# News Agencies Recognition and Linking with Impresso BERT models

Delivering swift and reliable news since the 1830s and 1840s, news agencies have played a pivotal role both nationally and internationally. However, understanding their precise impact on shaping news content has remained somewhat elusive. Our goal is to illuminate this aspect by identifying news agencies within historical newspaper articles. Using data from newspapers in Switzerland and Luxembourg as part of the Impresso project, we've trained our pipeline to recognize these entities.

If you're here, you likely seek to detect news agency entities in your own text.

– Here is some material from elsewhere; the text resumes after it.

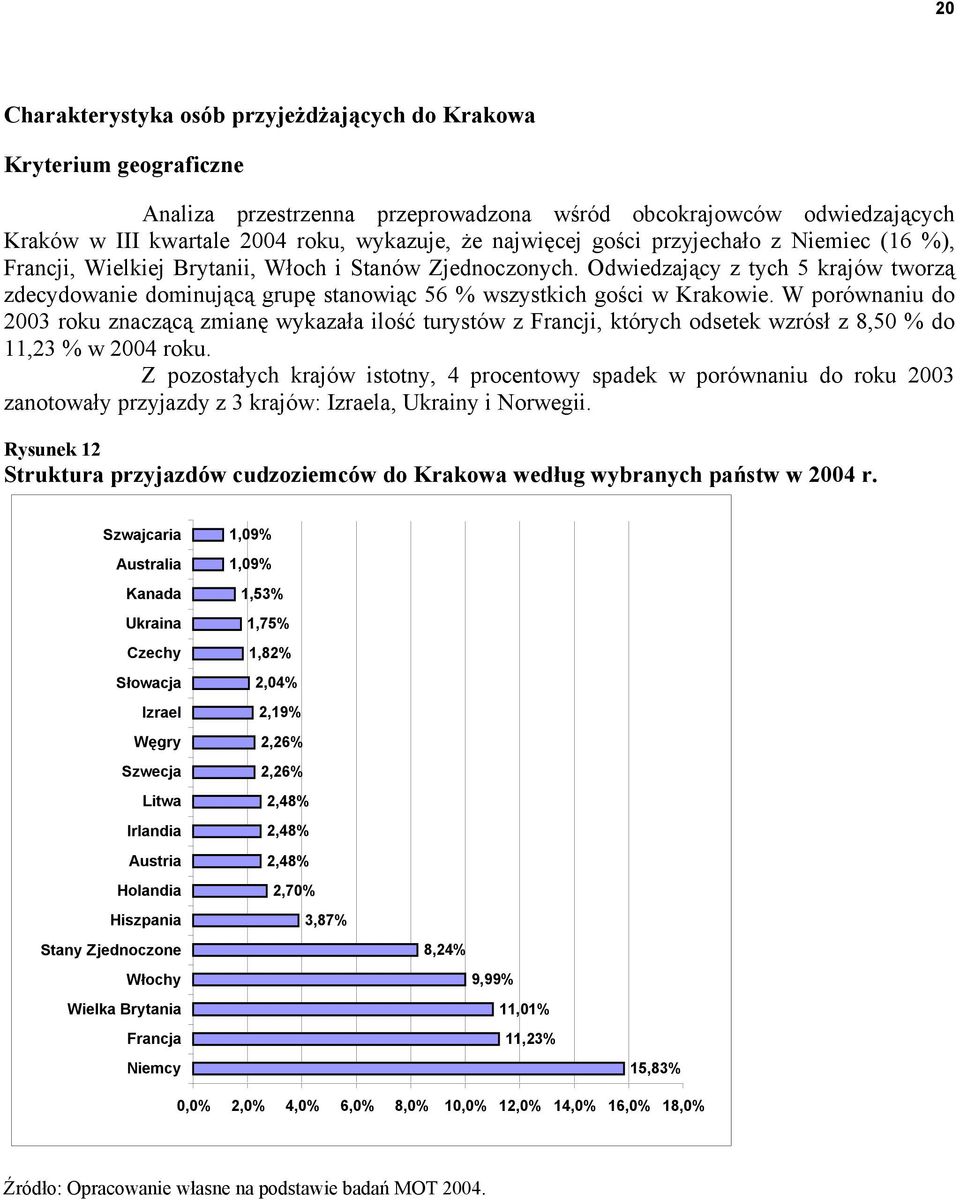 Odwiedzający z tych 5 krajów tworzą zdecydowanie dominującą grupę stanowiąc 56 % wszystkich gości w Krakowie.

This notebook will guide you through the process of setting up a workflow to identify specific newspaper or agency mentions within your text.

You can also access our [News Agency Recognition](https://huggingface.co/spaces/impresso-project/multilingual-news-agency-recognition) demo app through [HuggingFace Spaces](https://huggingface.co/docs/hub/en/spaces).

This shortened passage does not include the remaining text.